The defendant city, aside from the theory advanced that the property in question must have formerly been part and portion of a public street according to a map in its possession, failed to present evidence of ownership or of better right thereto.
And the trial court, upon the allegations made and evidence produced, entered the following conclusion:
That the land as described in the complaint was in the possession of and belonged to one Vicente Salgado prior to the year 1865, and that it remained in the possession and control of the said Salgado until his death, which took place in the year 1875 or 1876; that from that date such possession and control passed to his son, Generoso Salgado, who died in 1881, when the right of ownership and possession passed from the deceased Generoso Salgado to his children, the plaintiffs in this action, which plaintiffs are not Vicenta Acuña; and that Vicenta Acuña did administer the said property for and in the name of her children, the plaintiffs herein, from the date of the demise of her husband, the said Generoso Salgado, until and up to 1901, when the defendant city wrested from her and took possession of the property above referred to.
Likewise —
That the amount of the lease of said property is 25 pesos per month during the whole period intervening from 1901 up to and while the said plaintiffs are deprived by the city of Manila of the possession thereof.
In consequence, the trial court entered judgment in favor of the plaintiffs as against the defendant city, directing that the said parcel of land as described in the sentence be restored to the possession of the former; that payment to the plaintiffs be made of the sum of P1,425, that being the amount of the lease of the said land until and up to October 1, 1906, and the sum of P25 per month from that date until and up to the time that restitution be made to the plaintiffs of the said parcel of land, and for the costs of the suit. From this sentence the defendant city appealed.

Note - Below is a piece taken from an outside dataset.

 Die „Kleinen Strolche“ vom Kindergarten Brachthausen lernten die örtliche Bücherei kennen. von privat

On the hearing of the appeal by this court, counsel for appellee in his assignment of errors presented seven points, which have been reviewed by this court with the following result:
1. That the trial court did not err in deciding that Vicente Salgado, devisor of the plaintiffs, was in possession of the said parcel of land prior to 1865; that Vicenta Acuña was its administratrix in 1900 and 1901; that she leased the property to a Chinaman named Dy Anco for the sum of 25 pesos per month (assignments 1 and 3); because the first point is proven by two witnesses, Ildefonso Tambunting and Vicenta Acuña, the second by three witnesses, Juana Buenaventura, Marcela Aguinaldo, and Sixto Javier, who were former tenants of the property, and the third by the witness Ni Ya; proof to the contrary not being offered.lawphil.net
2. Neither has the court erred in the second point in deciding that the property in question is a part and portion of the land, object of the possessory information proceedings, because this point was already agreed upon in the records from the beginning of the trial.

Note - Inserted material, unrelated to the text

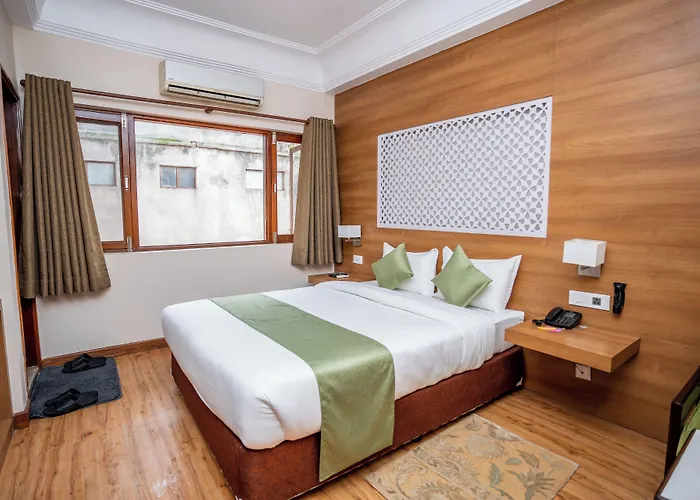 Marcopolo Business Катманду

The fourth assignment of error, to the effect that the defendant city refused to grant Dy Anco a license to build a house, is of no importance; but after all, it was proven by the testimony of Vicenta Acuña and has not been overcome by evidence in any form or manner.
The fifth and sixth assignments of error, with reference to the date as to when the forcible possession by the city began and the amount of the rentals, offer no points of issue for the reason that these facts are based on the testimony of two witnesses, which has not been overcome in any form or manner.
And the seventh, far from being a point of error, is on the contrary a consequence of what has been alleged and proven.
We, therefore, hereby affirm the judgment appealed from in all its parts with the costs of this instance against the appellant. So ordered.
Torres, Johnson, Carson, Willard and Tracey, JJ., concur.